# Fermions in Euclidean vs Lorentzian Signature

We know that in Lorentzian signature, fermions are representations of $$$$Spin(3,1)\cong SL(2,\mathbb{C})\cong SU(2)\times SU(2)^*$$$$ where crucially left/right handed fermions are exchanged under complex conjugation. This is what one means by the $$SU(2)^*$$ above. From an operational perspective, we write undotted and dotted indices, $$\psi^\alpha$$ and $$\bar{\chi}_{\dot{\alpha}}$$ to keep track of the left/right handed Weyl spinors. The statement that left/right handed spinors are related by conjugation is then captured by $$(\psi_\alpha)^\dagger=\bar{\psi}_{\dot{\alpha}}$$. An important consequence here is that one can’t write a $$U(1)$$ invariant mass term such as $$\psi \bar{\psi}$$.

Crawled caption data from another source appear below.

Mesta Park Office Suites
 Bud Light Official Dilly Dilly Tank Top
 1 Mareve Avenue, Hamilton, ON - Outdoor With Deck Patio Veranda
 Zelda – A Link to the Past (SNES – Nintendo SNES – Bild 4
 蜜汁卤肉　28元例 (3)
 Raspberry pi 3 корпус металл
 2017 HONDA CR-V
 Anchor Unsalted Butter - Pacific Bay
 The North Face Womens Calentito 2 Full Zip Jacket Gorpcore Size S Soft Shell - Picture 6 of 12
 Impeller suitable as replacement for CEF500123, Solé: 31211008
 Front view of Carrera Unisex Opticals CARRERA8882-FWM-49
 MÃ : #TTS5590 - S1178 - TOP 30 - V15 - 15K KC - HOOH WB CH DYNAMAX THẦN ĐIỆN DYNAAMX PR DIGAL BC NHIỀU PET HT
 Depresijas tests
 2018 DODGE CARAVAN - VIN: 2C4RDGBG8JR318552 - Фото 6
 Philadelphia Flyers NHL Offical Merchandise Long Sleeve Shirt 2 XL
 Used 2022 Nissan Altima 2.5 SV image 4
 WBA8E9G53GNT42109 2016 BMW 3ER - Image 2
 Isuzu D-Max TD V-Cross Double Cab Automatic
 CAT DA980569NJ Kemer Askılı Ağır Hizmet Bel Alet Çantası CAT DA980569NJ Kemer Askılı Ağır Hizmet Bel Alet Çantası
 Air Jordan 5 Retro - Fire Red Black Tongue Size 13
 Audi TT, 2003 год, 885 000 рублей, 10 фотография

Now if we move to Euclidean signature, fermions transform under $$$$Spin(4)\cong SU(2)\times SU(2)$$$$ and this time we have two independent copies of $$SU(2)$$. This means that left/right handed spinors now do not transform into each other under conjugation. This leads me to the following two questions:

1. Why can I not write a $$U(1)$$ invariant mass term $$\psi \psi^\dagger$$ in Euclidean signature? This to me seems fine as it is just the contraction of a fundamental/anti-fundamental $$SU(2)$$ index?

2. How does this conjugation difference between the two signatures get resolved under Wick rotation? Are there any issues with degrees of freedom on the two sides?